Bugün Özbek, Tacik, Çeçen gibi Orta Asyalı militanların, Afgan uyuşturucu kaçakçılarının ve karanlık tipli Taliban savaşçılarının cirit attığı Şirhan Bender Limanı tehlikeli bir yer ve burasının çocukluk anılarımdaki o şirin kasabayla pek ilgisi kalmadı.

Sanırım 1980 yazında köyümüze düşen ilk Sovyet bombası hayatımız gibi çocukluk anılarımı da paramparça etmişti. Geriye kalan, çocukluğumdaki mutlu günleri her hatırlayışımda hissedilen bir kalp sızısı ve dudaklarıma yayılan acı bir tebessüm. 

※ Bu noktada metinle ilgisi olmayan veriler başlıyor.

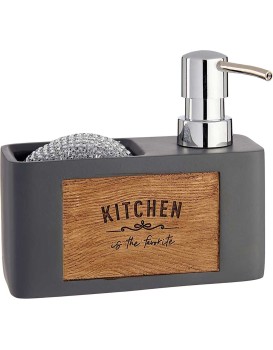 Dávkovač saponátu s příslušenstvím KITCHEN šedý 
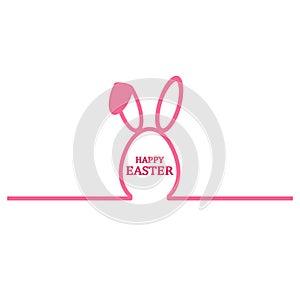 Easter holiday logo illustration.Bunny ears with egg and text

Tacikistan, tek adam yönetimine rağmen uzun zamandır Orta Asya'nın en sakin köşesi. Ancak Taliban'ın iktidara gelmesiyle eski hükümet yöneticileri, ordu mensupları, pilotlar, üst düzey komutanlar ve onların ailelerinden oluşan Afgan mülteci akınına uğrayan Tacikistan, artık diken üstünde.

Kuzey İttifakı'nın eski liderleri, özellikle de Tacik kökenliler, bu ülkeyi Taliban'a karşı bir üs olarak kullandıkları takdirde, Tacikistan Afganistan'daki karmaşaya resmen dahil olmuş olacak.

Tacikistan'ın şu anki pozisyonu ise, bir yolunu bulup Taliban gibi bir komşudan kurtulmak, böylece Afganistan'daki karmaşayı en az zararla atlatmak. Bunun nasıl olacağını elbette zaman gösterecek. 


Türkiye ile ilişkiler ve Enver Paşa 

Tacikler her ne kadar etnik köken, dil ve kültür olarak Fars asıllı bir halk olsa da İran'dan çok Türkiye'ye yakın duruyor ve ona hayranlık duyuyor.

Zira, modern Batılı yaşam tarzıyla İslami gelenekleri birleştirerek büyük kalkınma hamleleri gerçekleştiren ve giderek güçlenen bir Türkiye, Taciklerin özlemini duyduğu her şeyi barındırıyor.

O yüzden olsa gerek, Tacik elitleri turistik geziler için Tahran, İslamabad veya Kahire gibi kentler yerine yüzü Batı'ya dönük, dünyaya açık Istanbul ve Dubai gibi kentleri tercih ediyor. 
 

enver paşa.jpg
Enver Paşa / Fotoğraf: Wikipedia


Türkiye'de Tacikistan deyince insanların aklına ilk gelen şey, 1922'de bu ülkede şehit düşen Osmanlı'nın son büyük paşası Enver Paşa. Osmanlı'nın teslim bayrağını çekmesinden sonra 1918'de Berlin'e sürgüne giden Enver Paşa, Türkistan'ın Ruslara karşı verdiği bağımsızlık mücadelesine önderlik ederken Tacikistan'da şehit düşmüştü.

Enver Paşa'nın cenazesi birkaç yıl önce Türkiye'ye getirildi. Enver Paşa ismi bugünkü Orta Asya'da kimse için bir şey ifade etmese de, onun anıları Türkiye'deki Türkistanlıların hafızalarında hâlâ canlılığını koruyor. 


Tacikistan'da değişim mümkün mü?

1992'den beri devlet başkanı olan İmamali Rahmanov, ömrünün sonuna kadar koltuğunu bırakmayacak gibi görünüyor. Tacikistan ne Türkmenistan gibi aşırı baskıcı bir ülke, ne de Kazakistan ve Kırgızistan gibi siyasi ve ekonomik olarak daha rahat bir yer.

Ülke, ikisinin ortasında bir yerlerde duruyor. Ama şu anki durumdan hoşnut olmayanların sayısı da giderek artıyor, sık sık orada burada küçük çaplı gösteriler oluyor. Ve bunlar kimi zaman zorla, kimi zaman da ikna yoluyla bastırılıyor. 

Tacikistan dahil tüm Orta Asya bir bütün olarak büyük değişimlere ve olaylara gibi gebe gibi görünüyor. Bağımsızlığın ilk yıllarında özgürlük, bolluk ve bereket dolu bir gelecek beklentisine ve umuduna kapılan bölge halkları, büyük bir hayal kırıklığı içerisinde.

Beklenmedik bir olay, bir kıvılcım, tüm bölgede Arap Baharı benzeri olayları tetikleyebilir. 

 

 

*Bu makalede yer alan fikirler yazara aittir ve Independent Türkçe'nin editöryal politikasını yansıtmayabilir.